What is required> Any picture in the data below should be skipped, while every line is repeated exactly.

Input data>
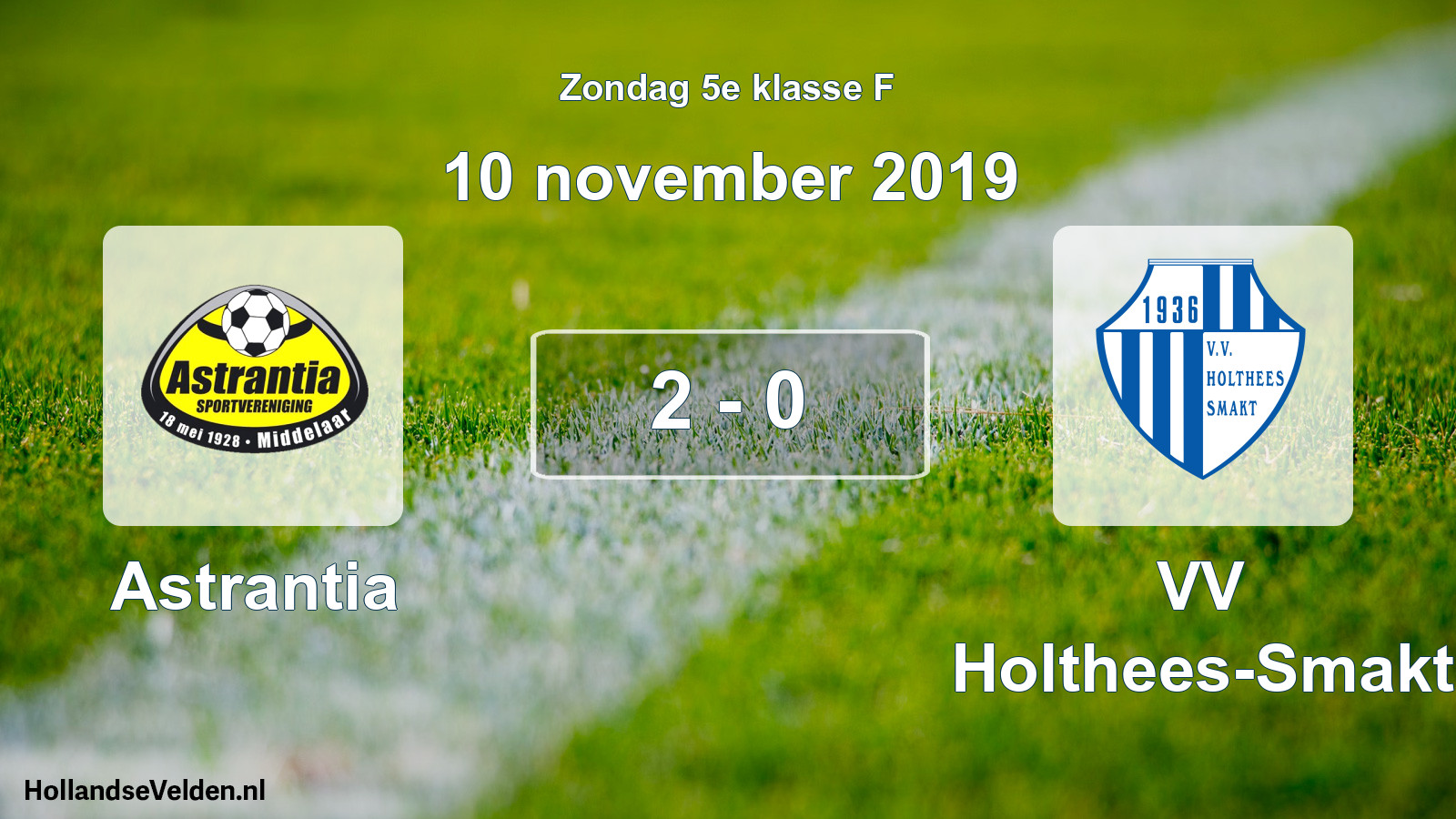 Total number of matches played: Astrantia - VV Holthees-Smakt 2 - 0 (10 November 2019)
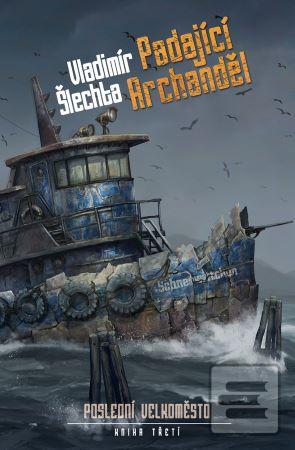 Kniha: Padající Archanděl - Poslední velkoměsto. kniha třetí - 1. vydanie - Vladimír Šlechta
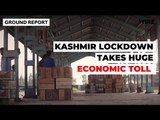 Ground Report: In Sopore, Kashmir Lockdown Takes Huge Economic Toll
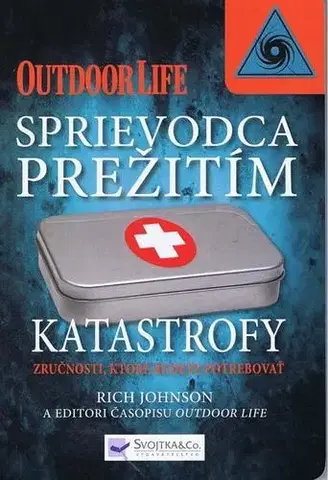 Encyklopédie - ostatné Sprievodca prežitím katastrofy - Rich Johnson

Solution to this exercise>
 Total number of matches played: Astrantia - VV Holthees-Smakt 2 - 0 (10 November 2019)
 Kniha: Padající Archanděl - Poslední velkoměsto. kniha třetí - 1. vydanie - Vladimír Šlechta
 Ground Report: In Sopore, Kashmir Lockdown Takes Huge Economic Toll
 Encyklopédie - ostatné Sprievodca prežitím katastrofy - Rich Johnson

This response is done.